___ Records to process

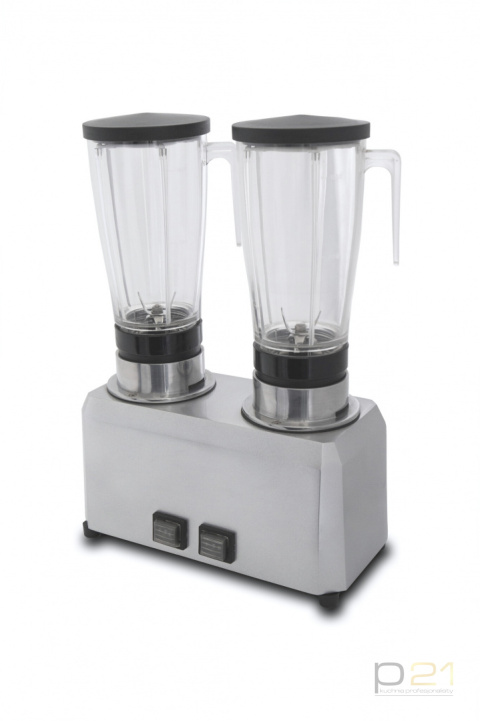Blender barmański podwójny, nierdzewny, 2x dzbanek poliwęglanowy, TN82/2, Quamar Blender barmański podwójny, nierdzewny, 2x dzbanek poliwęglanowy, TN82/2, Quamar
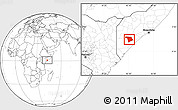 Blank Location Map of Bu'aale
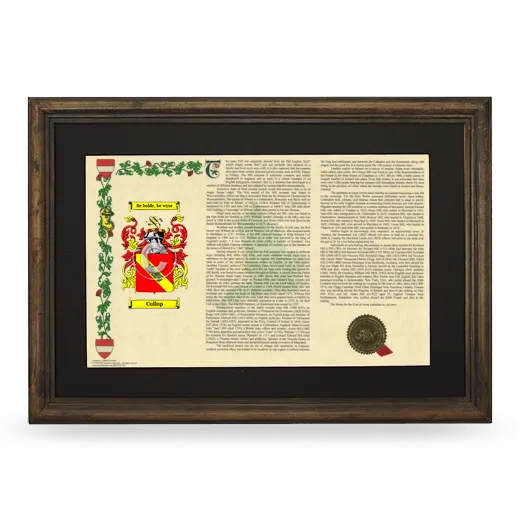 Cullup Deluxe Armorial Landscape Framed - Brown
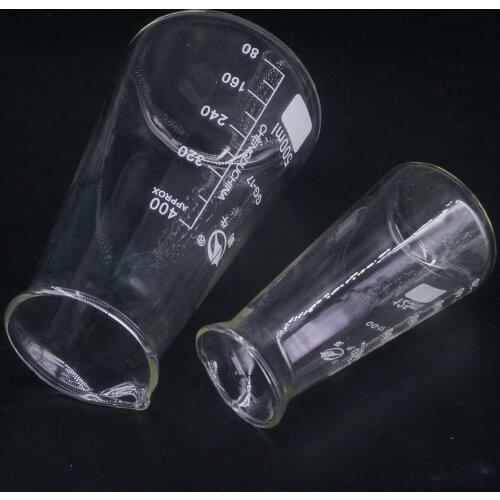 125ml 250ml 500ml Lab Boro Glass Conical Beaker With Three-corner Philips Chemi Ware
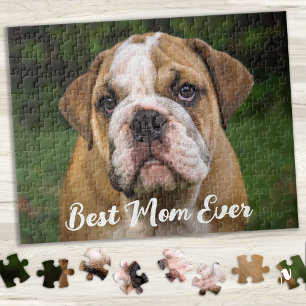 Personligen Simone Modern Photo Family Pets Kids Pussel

______
___ Records to process

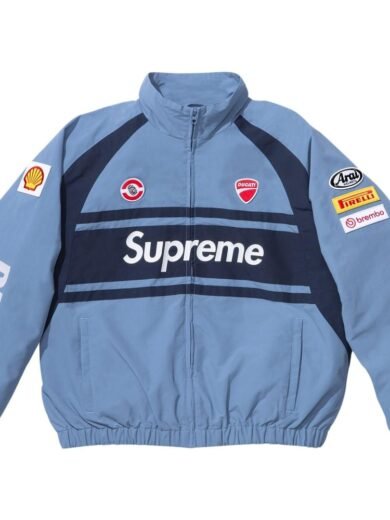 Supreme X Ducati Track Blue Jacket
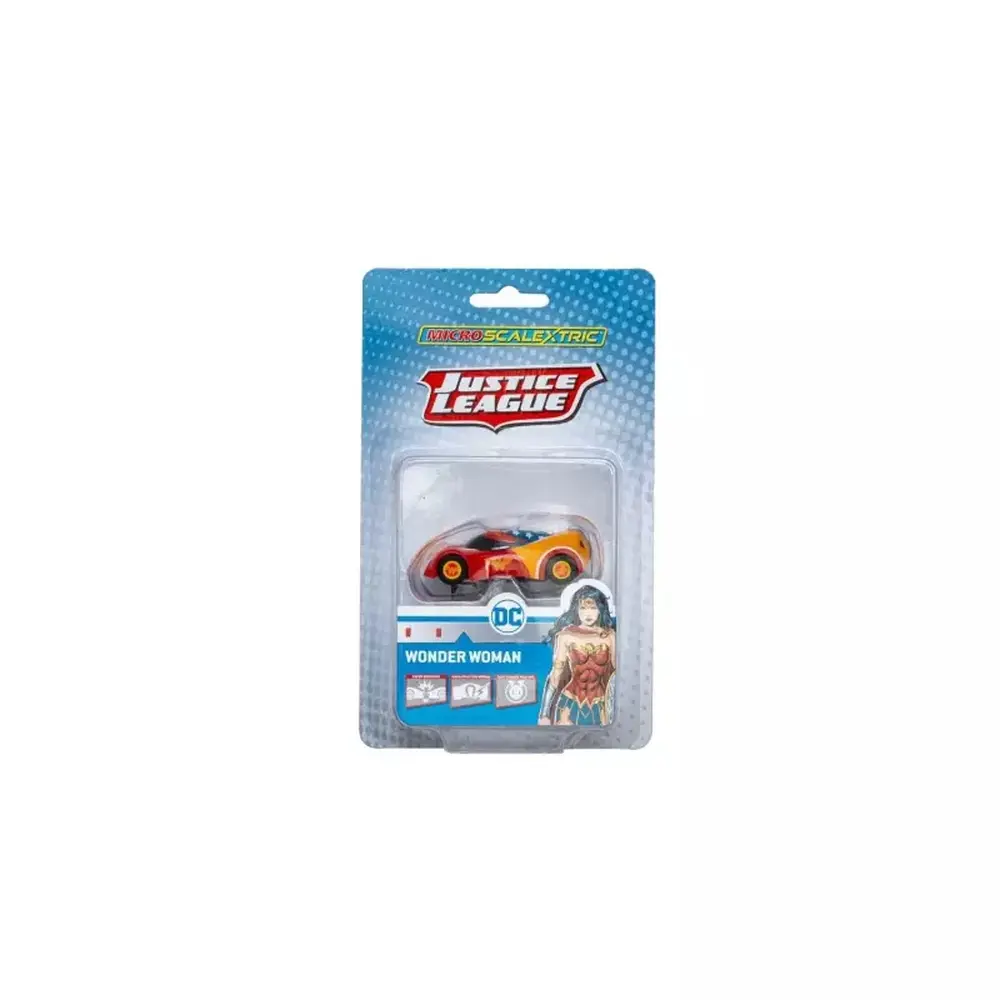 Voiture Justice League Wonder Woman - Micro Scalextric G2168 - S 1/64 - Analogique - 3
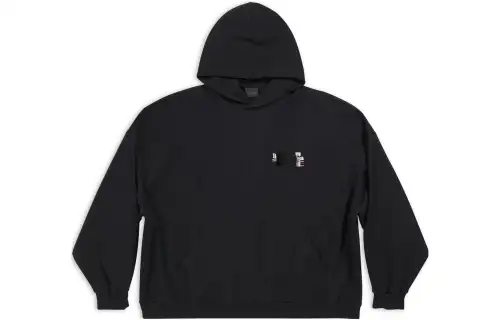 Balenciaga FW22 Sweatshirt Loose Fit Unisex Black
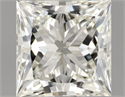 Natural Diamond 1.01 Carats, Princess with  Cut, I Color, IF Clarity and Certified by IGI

______
___ Records to process

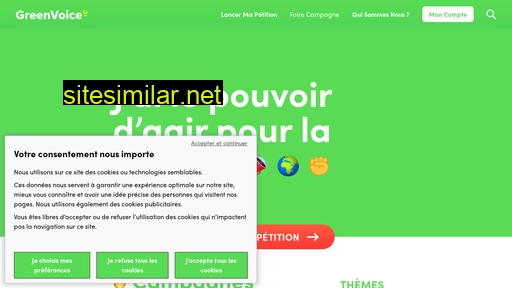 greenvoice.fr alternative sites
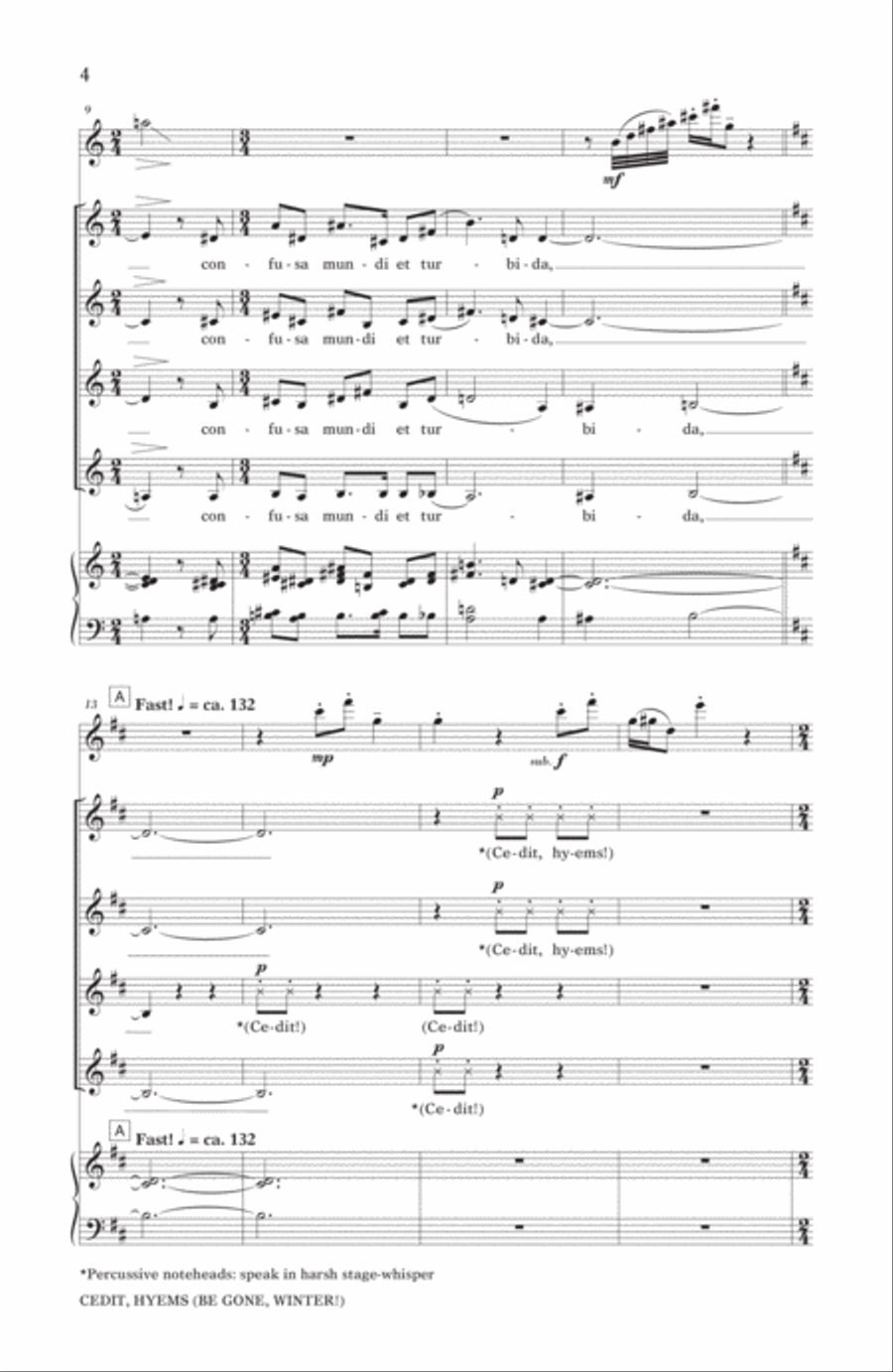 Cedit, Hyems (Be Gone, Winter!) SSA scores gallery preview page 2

______

--- Directions for this task ---
The stretch to restate runs from the line above containing "Blank Location Map of Bu'aale" through the line containing "Personligen Simone Modern". Copy it word for word, ends included, without pictures.

--- Written response ---
 Blank Location Map of Bu'aale
 Cullup Deluxe Armorial Landscape Framed - Brown
 125ml 250ml 500ml Lab Boro Glass Conical Beaker With Three-corner Philips Chemi Ware
 Personligen Simone Modern Photo Family Pets Kids Pussel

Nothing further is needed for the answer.